Consultez l’étude du Centre canadien de politiques alternatives (en anglais)

Oui, diriger une grande entreprise vient avec de lourdes responsabilités. Non, les candidats qui peuvent occuper ces postes ne courent pas les rues. Il est normal que ces gens soient bien rémunérés.

Sauf que depuis des décennies, on assiste à une escalade qui nous éloigne chaque année de la logique et de la légitimité pour sombrer plus profondément dans l’indécence.

En 1998, le salaire médian des patrons des grandes entreprises inscrites au TSX atteignait 62 fois le salaire moyen des travailleurs du secteur privé. En 2010, l’écart avait plus que doublé pour s’établir à 140 fois.

Depuis ? Ça empire.

Malgré des gains indéniables en matière de transparence, la divulgation obligatoire de la rémunération des dirigeants, instaurée en 1993 au Canada, a conduit à des effets pervers. Les conseils d’administration tiennent tous à offrir plus que la moyenne du marché à leurs dirigeants, observe l’expert Michel Magnan.

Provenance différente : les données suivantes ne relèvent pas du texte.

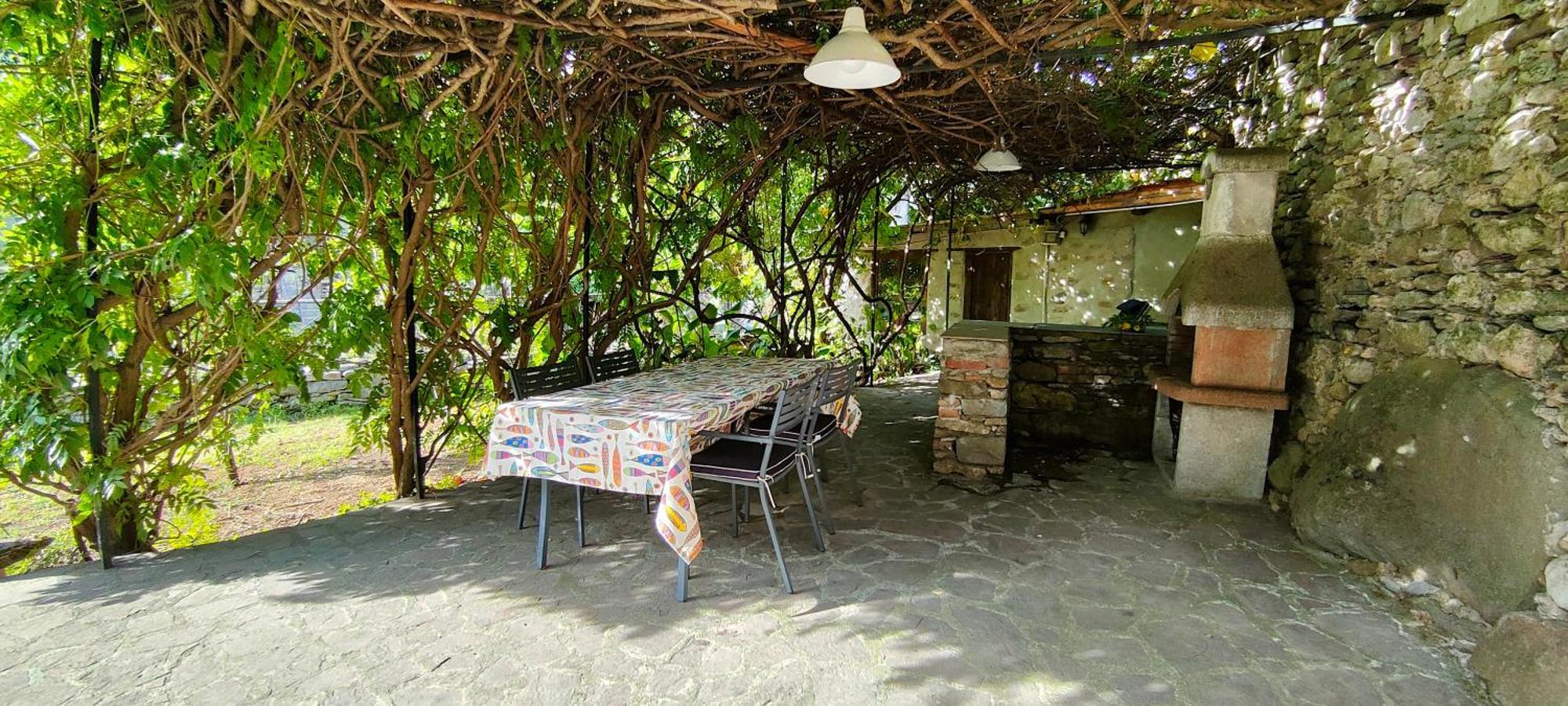 La Casa Delle Pietre Parlanti - Casa In Pietra Ai Piedi Del Parco Delle 5 Terre Bed & Breakfast Biassa Bagian luar foto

Ces conseils établissent donc des comparaisons qui les poussent à hausser la rémunération des patrons. Cela fait grimper la moyenne… incitant tout le monde à en rajouter. Le cercle vicieux roule à fond depuis des décennies.

Comme d’autres, Michel Magnan dénonce le fait que les justifications qui sous-tendent la rémunération accordée aux hauts dirigeants reposent sur des « mythes ».

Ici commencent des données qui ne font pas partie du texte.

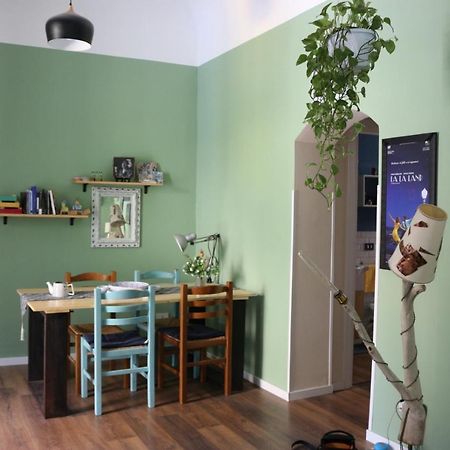 パレルモCasa Di Saraアパートメント エクステリア 写真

Parmi ceux-ci : la croyance voulant que le rendement d’une entreprise découle directement de la performance du grand patron. Parlez-en aux pétrolières qui font des affaires d’or depuis la guerre en Ukraine.

Un autre mythe veut que les PDG iront butiner ailleurs si la paie est supérieure. François Dauphin, PDG de l’Institut sur la gouvernance d’organisations privées et publiques (IGOPP), souligne qu’en réalité, la connaissance interne de l’entreprise est un atout qui freine considérablement la mobilité des dirigeants.

Que faire devant ces abus ? La réponse est complexe.

De nombreuses entreprises tiennent des votes sur leur politique de rémunération auprès de leurs actionnaires (ce que les anglophones appellent « say on pay »). Le fédéral a adopté un projet de loi pour rendre la pratique obligatoire, mais il n’a jamais été appliqué. De toute façon, ces votes sont purement consultatifs et servent surtout de caution morale aux dérives.

Dans son étude, le Centre canadien de politiques alternatives propose de combattre les rémunérations excessives par de nouvelles mesures fiscales. Cela aurait toutefois des impacts qui toucheraient beaucoup plus qu’une poignée de dirigeants multimillionnaires. Ces discussions doivent avoir lieu, mais sur une base beaucoup plus large.

Au bout du compte, ce sont les conseils d’administration qui doivent jouer leur rôle et s’assurer que les politiques de rémunération soient équitables et reposent sur des indicateurs adéquats. C’est sur eux qu’on doit mettre de la pression.

Les grands investisseurs comme la Caisse de dépôt, par exemple, devraient utiliser leur poids pour ramener la rémunération des patrons sur terre.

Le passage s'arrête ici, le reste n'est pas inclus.